その噂はもちろん手芸部まで回り、野薔薇は仲良くしていた手芸部の先輩たちからも陰口を叩かれ、同じクラスの人からも無視され、とうとう学校に来なくなったそうです。
「リョータ先輩も悪いのに、ちょっとヒドイよね」
そう言った芹菜も、リップを付けたというだけで先輩から「思いあがっている」と言われるようになり、陸上部を辞めたので、これ以上野薔薇の話を聞くことはありませんでした。
しかし、何の縁なのでしょうか。
部活で怪我をして保健室に行ったら、そこに野薔薇がいました。
「那由ちゃん?」
「保健の先生、いないの?」
「会議に出てるんだって。どうかしたの?」
「怪我しちゃって」
「あ、本当だ。水で洗った?」
「あー、一応」
「じゃあ消毒してあげる」
「いいよ」
私は棚から消毒液と脱脂綿を取り、自分で手当をしました。
それを野薔薇は黙って見ていました。
その顔が、何故か始めてみる顔をしていて、不思議でした。
「陸上部なんだよね」
「まぁね」
「田中さんも陸上部だったよね」
「芹奈のとこ知ってんの?」
「うん」
意外でしたが、芹菜は派手だから名前ぐらい知っているかと思いました。
「最近、連絡先交換したの」
「え」
驚きました。
2人に接点なんてないはずです。
それに、芹菜は野薔薇みたいな暗くて地味な子、苦手なはずです。
「この前、保健室で会ったの。先輩に殴られたとかなんかで」
「あぁ……」
リップを付けて怒られた芹菜は、1回だけでは辞めませんでした。
それにキレた先輩が芹菜を呼び出したそうですが、まさか殴られていたとは。
「その手当をしてあげたんだけど、その時に私の眼に気付いたみたいで」
「眼?」
野薔薇のことをよく見てみると、二重になっていました。
「アイプチなの」
「アイプチ……」
だから初めてみる顔になっていたのか、と納得したのと同時に、アイプチとかするのかと思いました。

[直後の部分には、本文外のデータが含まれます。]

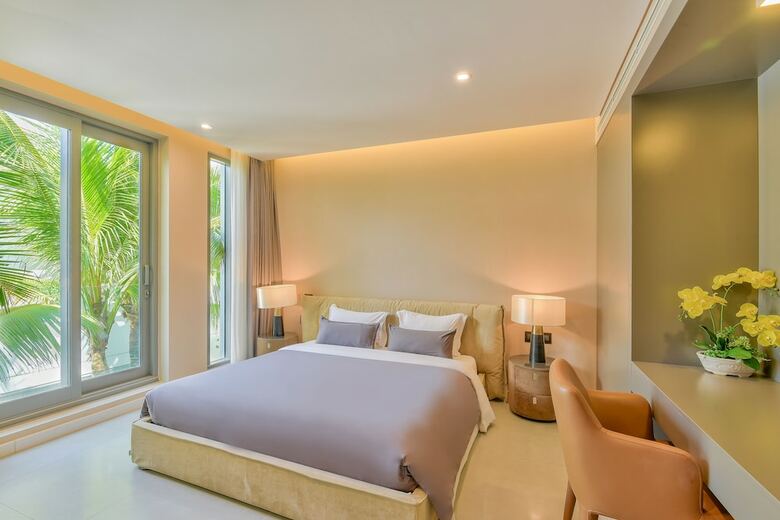 The Five Villas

「それでメイクの話になったの。お母さんが持ってるメイク道具しか知らなかったんだけど、私に合うメイクの仕方とかメイク用品について色々教えてくれるって言ってくれて。今度一緒に遊びに行くの」
「ふーん」
顔が変わっても、好きなことになると話相手のことを忘れて早口になるところは変わっていませんでした。

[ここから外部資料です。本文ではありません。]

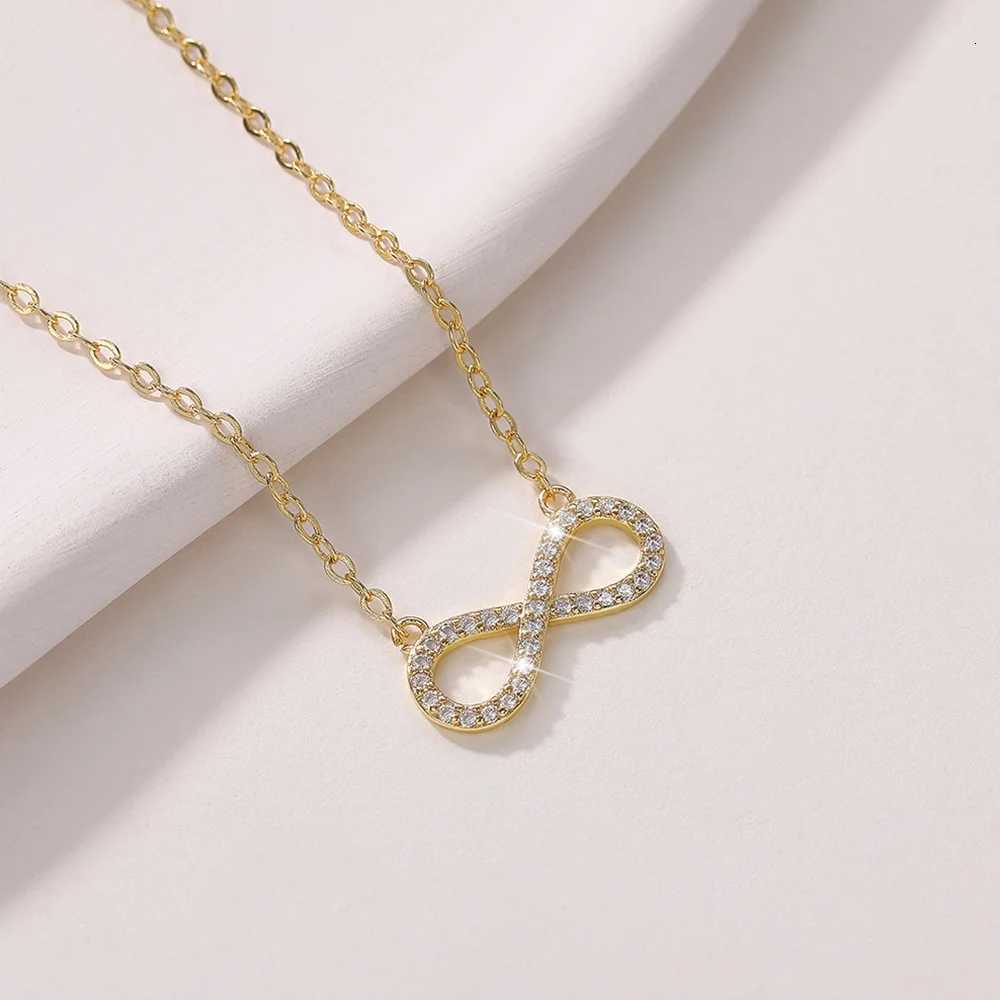 Huitan Simple Infinity Shape Pendant Necklace Women Inlaid Shiny CZ Stone Fancy Figure 8 Clavicle Chain Necklace Wedding Jewelry M251216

『ヘヴン』の話題になった時も同じ顔をしていた気がします。
「『ヘヴン』ってまだ読んでる?」
「ヘブン?あー、『黒澤くん』完結しちゃったね」
「ね」
「面白かったよね」
「面白かった」
野薔薇は、もう『ヘブン』を読んでいないのでしょう。
それでも一緒に「おもしろい」と言っていた漫画のタイトルがすぐに出てくれた事が、私は嬉しかったです。
その後すぐに保健の先生が帰ってきて、私が自分でした怪我の手当を少し直してくれて、私は部活に戻ろうとした時、野薔薇に呼び止められました。

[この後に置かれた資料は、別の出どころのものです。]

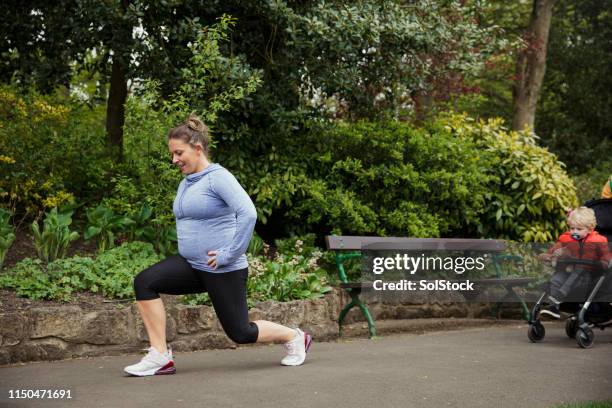 staying fit whilst pregnant - lunge imagens e fotografias de stock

「那由ちゃん、ごめんね。私ばかり話しちゃって。お母さん、この前那由ちゃんどうしてるかなぁって言ってた。私の家はあのままだから、また今度遊びに来てね」
私は「うん」とだけ言って、保健室をあとにしました。
しかし、野薔薇の家に行くことはありませんでした。
芹菜と野薔薇がこの後も仲が良かったのかも分からないまま、私たちは中学を卒業し、私は近所の高校に入学しました。
ありふれた日常に、野薔薇だけはいなくて、そしてそれが当たり前になったある日、私は野薔薇と再会しました。
「野薔薇?」
「え」
「白雪野薔薇だよね?」
「う……ん」
「那由だよ」
高校3年の冬でした。
「あ!那由ちゃん!!」
電車のシートに座っていた私の前に、吊り革を持った細身で長い黒髪が綺麗な女の人が、野薔薇でした。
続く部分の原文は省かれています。